This turns out to be the arc length function, and is multi valued since the arc we choose from our base point to our variable point may wind several times around the circle before stopping at the variable point. The composition from a point x on the x axis, up (or down) to a point on the unit circle, followed by arc length from a base point to that point, is just the arcsin function. Although this arcsin function from the circle to the real line is multiple valued, we can force it to be single valued by identifying the different values on the real line taken by the function. Then we get a single valued function from the circle to the quotient space R/2πZ, i.e. we identify two arc lengths if they differ by an integer multiple of 2π. E.g. the arc length from the base point to itself is any element of the set {…, -2π, 0, 2π, 4π,…} (Thus we have seen two tricks for changing multi valued functions into single valued ones, enlarging the domain, and collapsing the range.)

Then the inverse function f(z) = sin(z), satisfies the differential equation (f’)^2 = 1-f^2, since sin’ = cos, and cos^2 = 1-sin^2, so we have a parametrization “by arc length” of the unit circle sending z to (f(z),f’(z)) = (sin(z), cos(z)). (I guess I could have chosen a non standard branch of the inverse trig functions so that I would have had the solution as f = arccos, so this would have given the usual parametrization z—>(cos(z), sin(z)).) I apologize for that. Either way, this is the universal covering map of the unit circle by the real line.

We can follow this analysis also for the integral of the multi valued differential dx/sqrt(x^3+3) on the x axis. We consider this first as the single valued differential dx/y, defined on the plane curve M: {y^2 = x^3+3}, and focus attention on the integral of the single valued differential dx/y, as a multivalued function on M, by integrating along paths on M starting at a base point (x0,y0), up to a variable point (x,y). This time, this differential remains analytic even at the points “at infinity” of this plane curve, which we view in the complex projective plane, where it is topologically a torus, or elliptic curve.

So this integral defines a multi valued function g from the torus to the complex numbers, analogous to the arc length function from the circle to the real line. This time of course the torus has two holes or loops on it, and going around either loop with our path, adds a constant “period” to the value of our integral. In an analogous way to the sin function, the inverse function f is thus a doubly periodic function on the complex numbers, which satisfies the differential equation (f’)^2 = f^3 + 3, hence the mapping z—>(f(z), f’(z)) gives a parametrization of the torus, (the projective completion of y^2 = x^3 +3), and coincides with the universal covering map of the torus. (The Weierstrass P-function is an example of such an f.)

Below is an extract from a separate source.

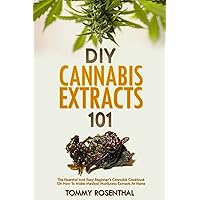 DIY Cannabis Extracts 101: The Essential Beginner’s Guide To CBD and Hemp Oil to Improve Health, Reduce Pain and Anxiety, and Cure Illnesses (Cannabis Books) DIY Cannabis Extracts 101: The Essential Beginner’s Guide To CBD and Hemp Oil to Improve Health, Reduce Pain and Anxiety, and Cure Illnesses (Cannabis Books) Paperback Kindle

Without taking inverses, the function g itself can again be made single valued by modding out the complex numbers by the lattice spanned by the two (complex) constant period vectors a and b, of the differential, integrated around the two loops in the torus, giving a well defined map M—>C/{Za+Zb}, which turns out to be an isomorphism.

In his search for general principles, Riemann asked himself not just which curve does the differential dx/sqrt(x^3+3) live on in the plane, but what are the other differentials that live on this curve? In particular he proved that up to constant multiple, this is the only everywhere analytic differential on the associated torus, i.e. that the vector space of such differentials has dimension one. He proved also that this is because the torus has topological genus one. He took this approach because he did not want to just explore each function he came upon one at a time, but to organize them according to some principle, and the organizing principle is whether they live on the same complex curve, (i.e. a real topological surface with complex coordinates).

In the case of the differential dx/sqrt(1-x^5), the plane curve y^2 = 1-x^5 has singular projective completion, but the desingularized curve M has topological genus 2, and hence has 2 diml space of analytic differentials. Namely in addition to dx/y, xdx/y is also analytic. Hence if their integrals are the multi valued functions z and w, the inverse of either one of them will satisfy the differential equation (f’)^2 = 1-f^5, and hence give a parametrization of the plane curve M.

Since there is no way to prefer one of these differentials to the other, to understand the curve M, it is more natural to consider the (multi valued) map M—> CxC, to the product of 2 copies of the complex numbers, sending t—->(z(t),w(t)). Since M has genus 2, there are 4 independent “homology” loops on it, so there are 4 complex constant periods that are added to a path integral each time it goes around one of these loops. If these period vectors are a,b,c,d, we get a single valued mapping M—>CxC/{Za+Zb+Zc+Zd}, which embeds the surface M in the 4 dimensional “complex 2- torus” CxC/{Za+Zb+Zc+Zd}, which is topologically like real 4 space modded out by the rank 4 lattice spanned by the integer vectors on the 4 axes. Riemann also wrote down an analytic "theta function" which in this case cuts out exactly the image of the genus 2 curve in the complex torus, its "Jacobian" variety.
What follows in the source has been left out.